İnsanlarda olduğu gibi köpeklerde de hastalığın kesin bir tedavisi yoktur ve destekleyici tedavi protokolleri uygulanmaktadır. Dehidrasyona yani su kaybına engel olmak için yapılan serum tedavisi, iyi besleme ve semptomların hafifletilmesi için kullanılan ilaçlar bu destekleyici tedavi protokolleri arasında sayılabilir. Eğer hastalık ağır seyrediyorsa oksijen desteği ve sekonder enfeksiyonlara karşı antibiyotik uygulamaları gerekli olur.
Virüsler akciğer dokusuna zarar verdikten ve akciğer savunma mekanizmaları bozulduktan sonra bakteriler akciğerleri istila eder ve pnömoniye sebep olur.
Sekonder pnömoni şekillenen hastalarda uygun tedavi yapılmazsa hemorajik pnömoni gelişir ve mortalite %50’ye çıkabilir.

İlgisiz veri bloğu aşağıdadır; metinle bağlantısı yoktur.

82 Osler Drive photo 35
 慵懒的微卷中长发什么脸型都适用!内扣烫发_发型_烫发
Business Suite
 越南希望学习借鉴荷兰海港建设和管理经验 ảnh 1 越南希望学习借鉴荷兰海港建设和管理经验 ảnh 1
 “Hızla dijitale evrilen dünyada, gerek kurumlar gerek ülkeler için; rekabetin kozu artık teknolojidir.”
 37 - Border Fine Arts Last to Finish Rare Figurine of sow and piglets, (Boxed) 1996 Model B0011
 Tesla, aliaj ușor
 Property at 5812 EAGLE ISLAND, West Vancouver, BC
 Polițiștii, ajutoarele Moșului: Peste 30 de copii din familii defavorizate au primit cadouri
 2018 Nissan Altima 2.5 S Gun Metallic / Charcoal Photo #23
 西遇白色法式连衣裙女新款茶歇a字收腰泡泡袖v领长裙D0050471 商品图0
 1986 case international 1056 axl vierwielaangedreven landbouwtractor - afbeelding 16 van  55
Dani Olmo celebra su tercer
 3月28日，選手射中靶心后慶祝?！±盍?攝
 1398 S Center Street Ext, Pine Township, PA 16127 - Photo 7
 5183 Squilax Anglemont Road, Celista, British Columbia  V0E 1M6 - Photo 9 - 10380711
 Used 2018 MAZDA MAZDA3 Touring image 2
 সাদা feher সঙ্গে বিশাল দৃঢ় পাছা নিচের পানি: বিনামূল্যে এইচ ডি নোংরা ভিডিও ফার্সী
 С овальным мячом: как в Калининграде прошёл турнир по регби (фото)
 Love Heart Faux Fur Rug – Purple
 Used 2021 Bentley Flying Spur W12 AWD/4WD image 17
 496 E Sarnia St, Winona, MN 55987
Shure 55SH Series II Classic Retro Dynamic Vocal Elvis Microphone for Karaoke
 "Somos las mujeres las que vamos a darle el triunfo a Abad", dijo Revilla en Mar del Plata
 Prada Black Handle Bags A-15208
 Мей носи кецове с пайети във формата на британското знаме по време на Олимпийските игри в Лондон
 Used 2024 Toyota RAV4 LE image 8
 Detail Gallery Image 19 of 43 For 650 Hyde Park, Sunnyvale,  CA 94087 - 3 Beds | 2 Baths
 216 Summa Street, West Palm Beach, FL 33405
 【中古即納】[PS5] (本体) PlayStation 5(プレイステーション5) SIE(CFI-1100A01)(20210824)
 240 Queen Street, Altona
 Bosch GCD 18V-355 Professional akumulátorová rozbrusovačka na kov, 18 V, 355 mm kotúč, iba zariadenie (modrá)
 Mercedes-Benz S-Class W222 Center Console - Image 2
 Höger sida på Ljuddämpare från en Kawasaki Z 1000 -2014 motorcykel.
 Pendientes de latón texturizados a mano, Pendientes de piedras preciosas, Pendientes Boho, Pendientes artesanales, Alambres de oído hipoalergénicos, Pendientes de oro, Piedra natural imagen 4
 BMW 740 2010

Diğer solunum yolu hastalıkları ve pnömonilerden farklı olarak TAMİFLU (oseltamivir) kullanımı bu ilacın antiviral aktivitesi sayesinde özellikle erken dönem enfeksiyonlarda ve virüsle karşılaşmış köpeklerde enfeksiyonun önlenmesinde faydalıdır.
Tedavi sonrası orta seviyeli semptomlara sahip bir çok köpek tamamen iyileşirken ileri ve ciddi formlarda ise mortalite %5-8 olarak kabul edilmektedir. Hastalığı atlatan köpekler en az 2 yıl süreyle astalığa karşı bağışıklık kazanır.
Aşı uygulaması hastalığı tedavi etmez ya da tamamen hastalıktan korunmayı sağlamaz ancak hastalığın daha hafif geçirilmesine yardımcı olur. Ayrıca hasta tarafından saçılan virus miktarını da azaltır yani aşılı hayvanlar hastalığı daha az yayar. Özellikle kennellar ve barınaklar gibi yüksek riskli yerlerde yaşayan köpeklerin ve çok köpeğin bulunduğu parklara sık giden hayvanların aşılanması önemlidir. Kennel cough(bordatella) aşısı canine influenzaya karşı koruma sağlamamaktadır.
Ülkemizde H3N8’e karşı geliştirilmiş aşı bulunmadığı için maalesef her köpek hastalık için potansiyel bir adaydır.
Solunum you semptomları gösteren köpekler diğerlerinden en az 2 hafta ayrılmalı ve köpeğin temas ettiği tüm yüzeyler ve eşyalar dikkatle dezenfekte edilmelidir. Yüzeylerin %10luk çamaşır suyuyla dezenfekte edilmesi yeterlidir. Insanlar da solunum yolu semptomlarına sahip hayvanlarla temas ettikten sonra ellerini yıkamalıdır.
Köpeklerdeki influenzanın insanlara geçebileceğini gösteren herhangi bir bulgu ve insanlarda rapor edilen herhangi bir canine influenza vakası yoktur.
Hastalığa sebep olan virus insanlarda hastalık yapan domuz gribi ve kuş gribi virüslerinden farklıdır.